Range to output from the entries below: the line containing "Toms Cork Platform Basketweave Wedge Sandals" through the line containing "St. Patrick's Day". Set it down exactly, ends included, nothing else.

Record extracts
* * * *
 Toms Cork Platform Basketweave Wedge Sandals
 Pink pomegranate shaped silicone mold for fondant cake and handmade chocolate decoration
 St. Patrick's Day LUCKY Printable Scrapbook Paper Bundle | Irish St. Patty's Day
* * * *
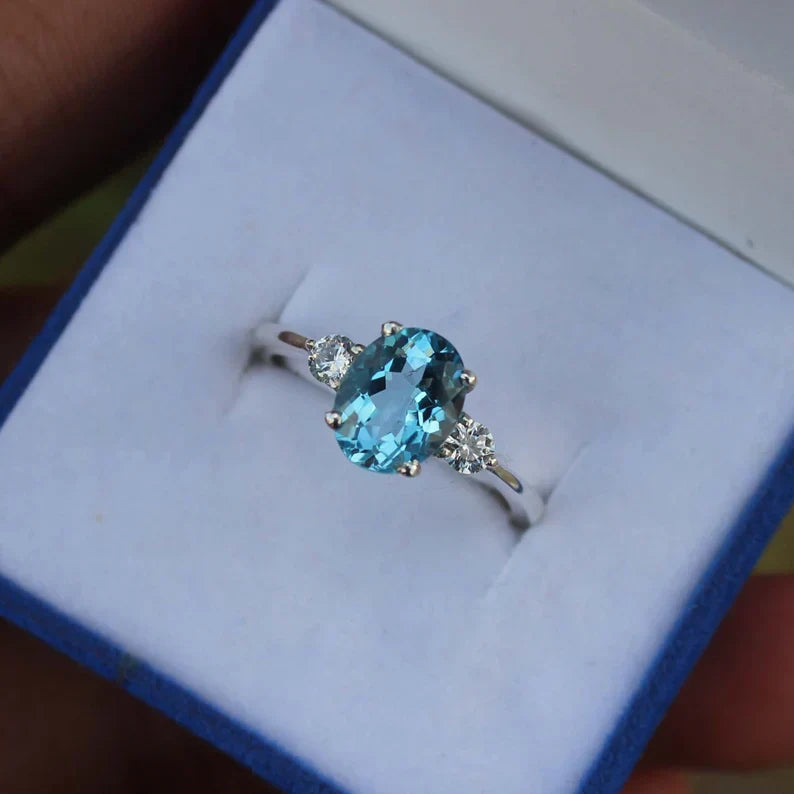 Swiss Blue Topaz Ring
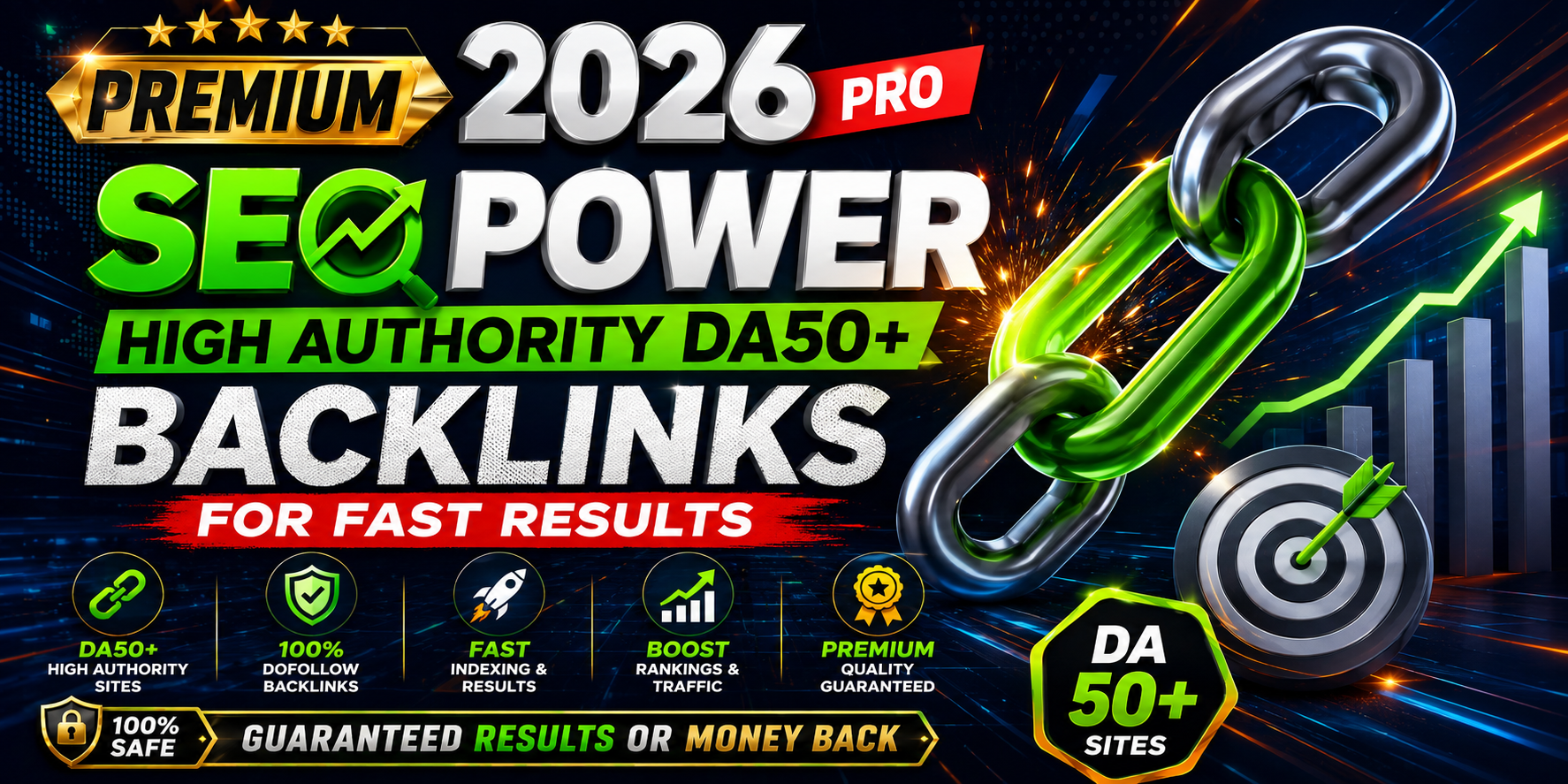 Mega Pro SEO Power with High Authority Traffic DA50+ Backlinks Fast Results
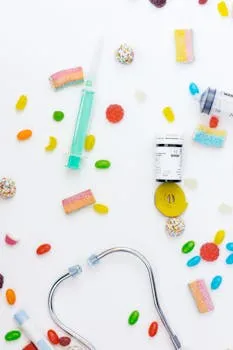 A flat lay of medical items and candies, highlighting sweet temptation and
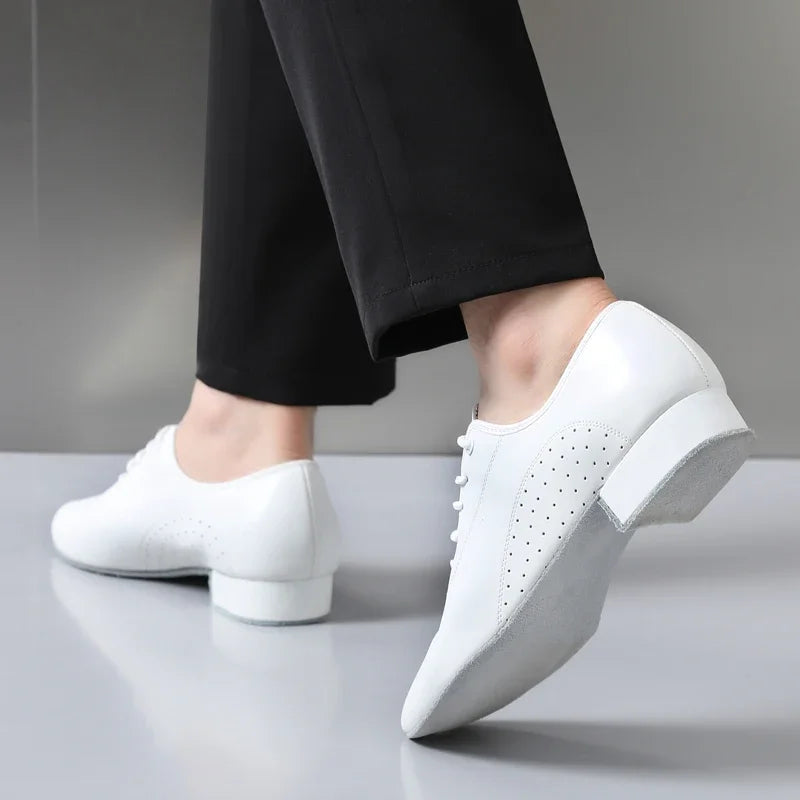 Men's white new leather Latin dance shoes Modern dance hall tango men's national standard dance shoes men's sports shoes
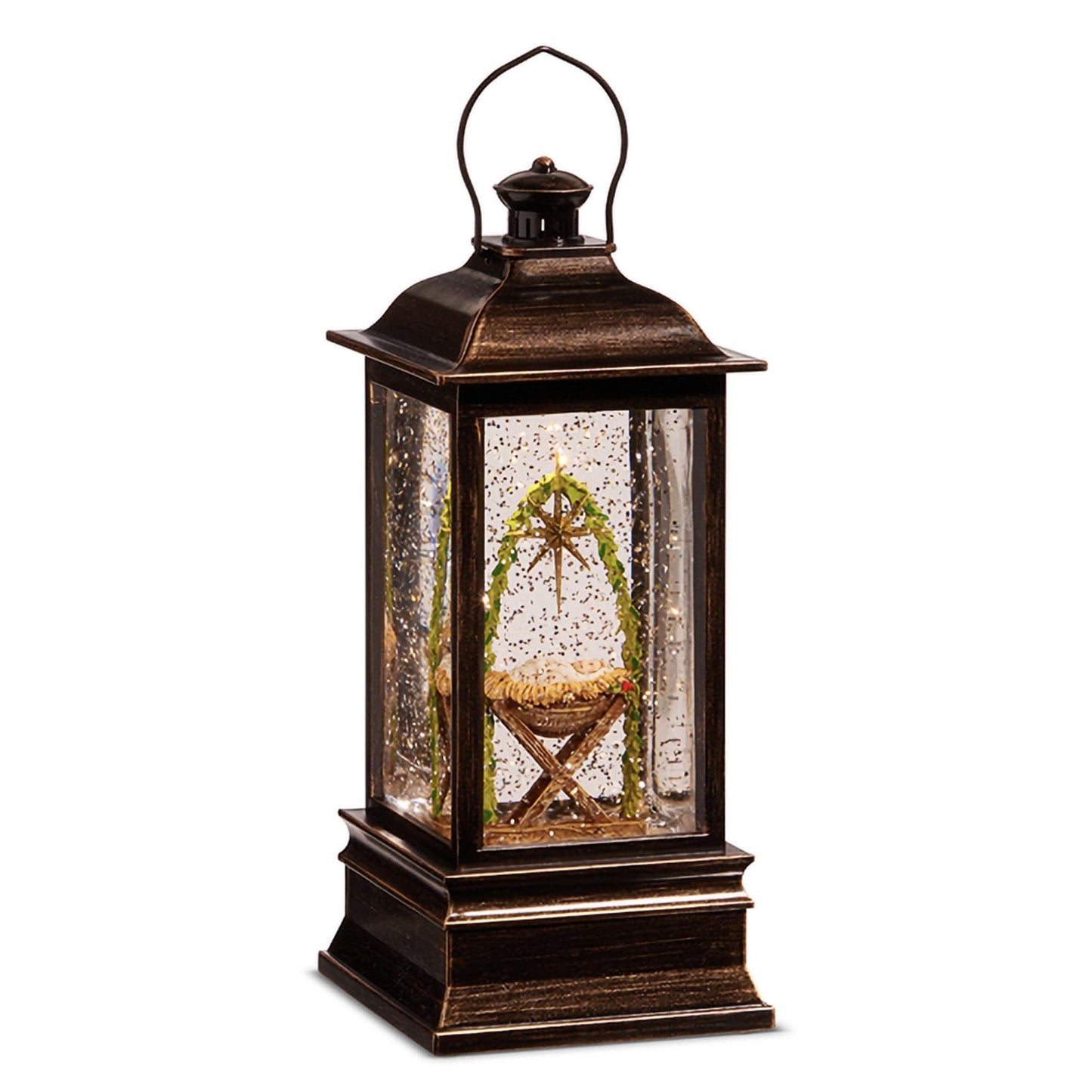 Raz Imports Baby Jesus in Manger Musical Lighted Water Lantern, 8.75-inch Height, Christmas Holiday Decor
* * * *
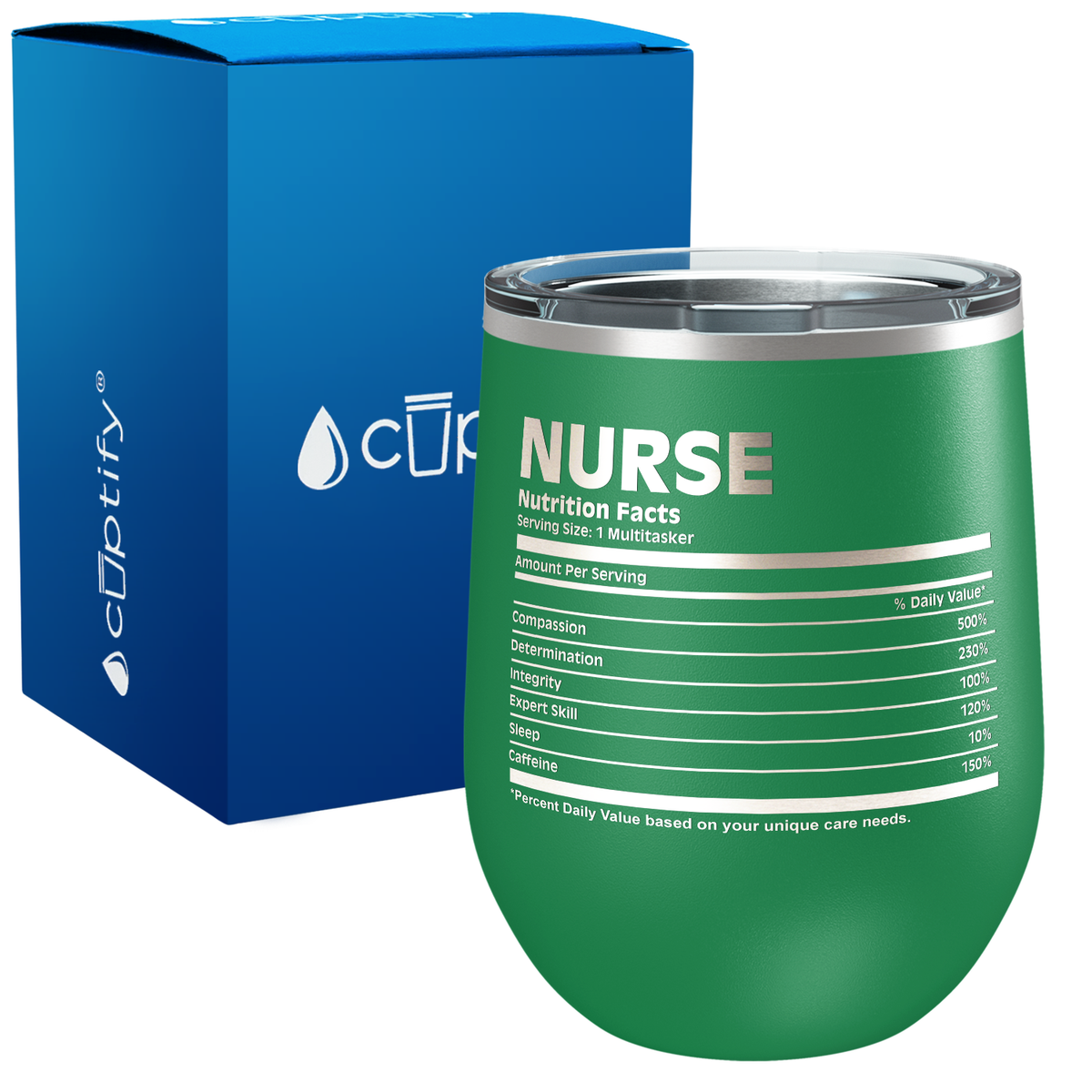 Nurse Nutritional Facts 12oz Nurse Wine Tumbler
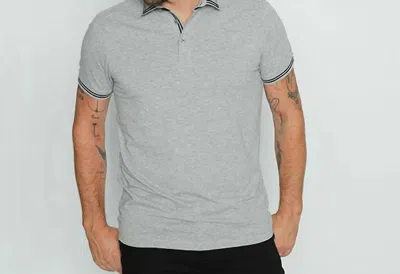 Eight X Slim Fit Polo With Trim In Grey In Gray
* * * *
Completed task
 Toms Cork Platform Basketweave Wedge Sandals
 Pink pomegranate shaped silicone mold for fondant cake and handmade chocolate decoration
 St. Patrick's Day LUCKY Printable Scrapbook Paper Bundle | Irish St. Patty's Day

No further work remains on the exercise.